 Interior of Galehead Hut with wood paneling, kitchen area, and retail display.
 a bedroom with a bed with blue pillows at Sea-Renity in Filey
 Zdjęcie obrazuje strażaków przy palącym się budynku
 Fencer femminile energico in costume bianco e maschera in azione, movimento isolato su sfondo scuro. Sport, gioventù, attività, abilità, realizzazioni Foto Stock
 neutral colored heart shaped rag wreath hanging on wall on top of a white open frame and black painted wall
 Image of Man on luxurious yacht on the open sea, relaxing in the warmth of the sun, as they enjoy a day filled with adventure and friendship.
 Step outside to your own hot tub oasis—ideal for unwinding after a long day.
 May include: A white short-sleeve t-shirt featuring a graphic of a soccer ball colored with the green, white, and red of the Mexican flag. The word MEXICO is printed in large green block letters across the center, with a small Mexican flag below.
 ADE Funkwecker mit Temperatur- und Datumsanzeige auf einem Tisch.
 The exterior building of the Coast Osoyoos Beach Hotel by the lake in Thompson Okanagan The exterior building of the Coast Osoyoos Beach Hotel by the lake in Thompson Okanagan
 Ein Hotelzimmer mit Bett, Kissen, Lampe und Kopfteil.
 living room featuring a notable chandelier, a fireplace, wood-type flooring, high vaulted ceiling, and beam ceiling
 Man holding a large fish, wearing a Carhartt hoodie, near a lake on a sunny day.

====

Instructions for the task – Tally the lines above with "lake", please; number only.

Expected answer – 2